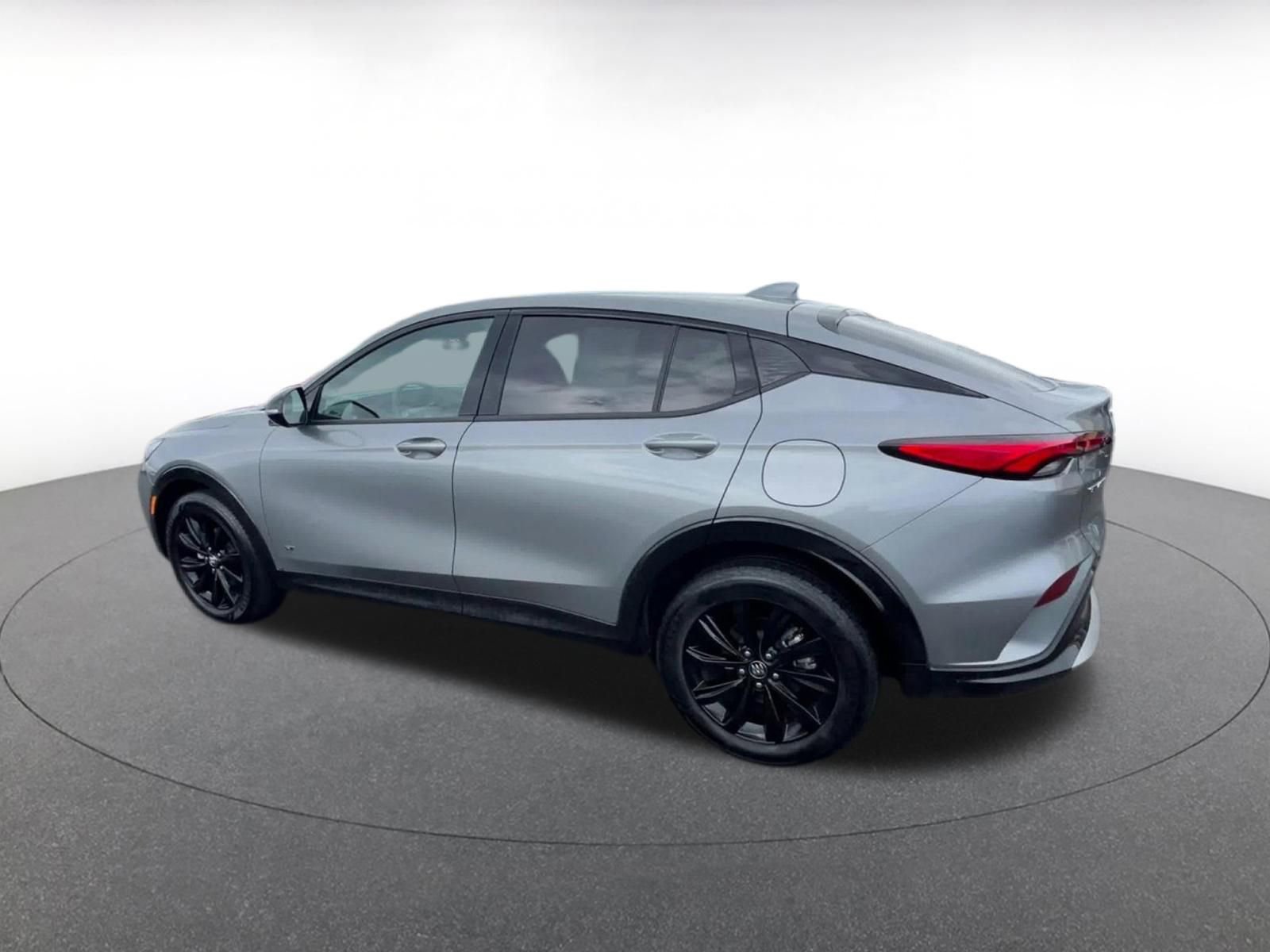 Used 2025 Buick Envista Sport Touring image 10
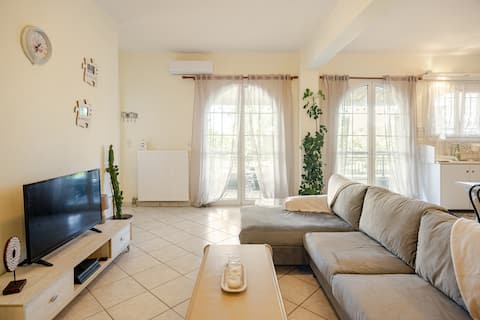 Lisa’s Lodge - Bright and spacious home in Corfu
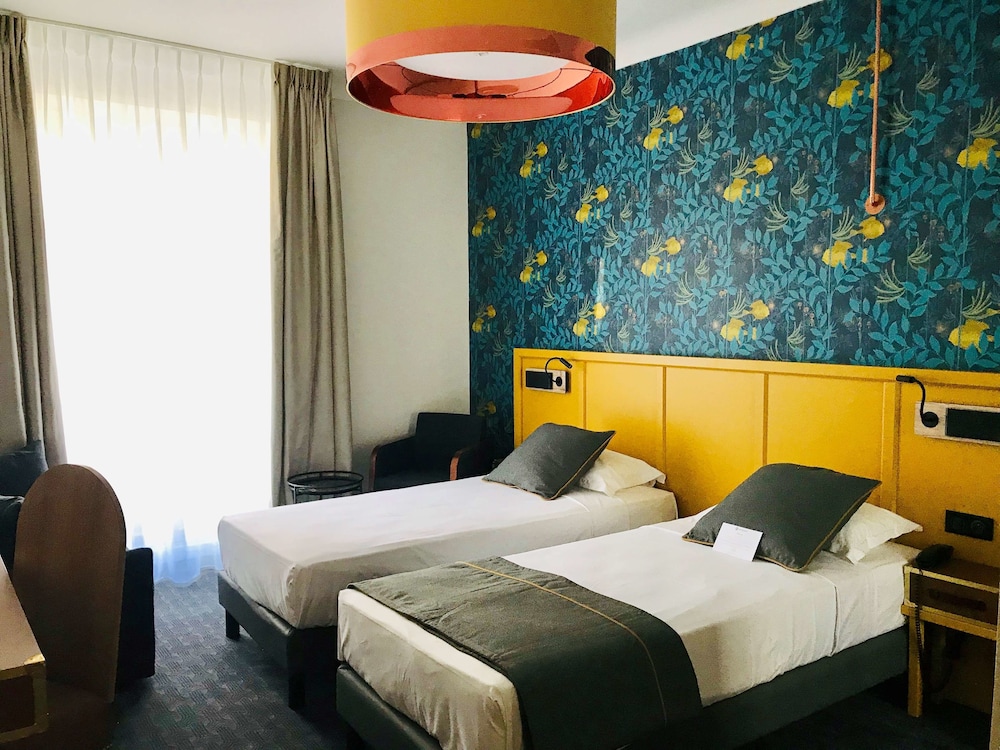 Superior Room, 1 King Bed, Non Smoking (Twin bed on request;with Sofabed) - Photo 3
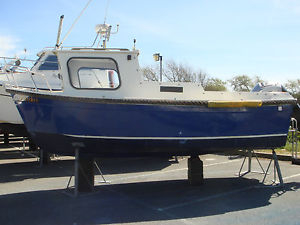 Hardy 18 Fisher with 2 year old Mainer 75hp & remainder Warranty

What you will do
Copy out every line of the material above precisely, omitting the pictures.

Result
 Used 2025 Buick Envista Sport Touring image 10
 Lisa’s Lodge - Bright and spacious home in Corfu
 Superior Room, 1 King Bed, Non Smoking (Twin bed on request;with Sofabed) - Photo 3
 Hardy 18 Fisher with 2 year old Mainer 75hp & remainder Warranty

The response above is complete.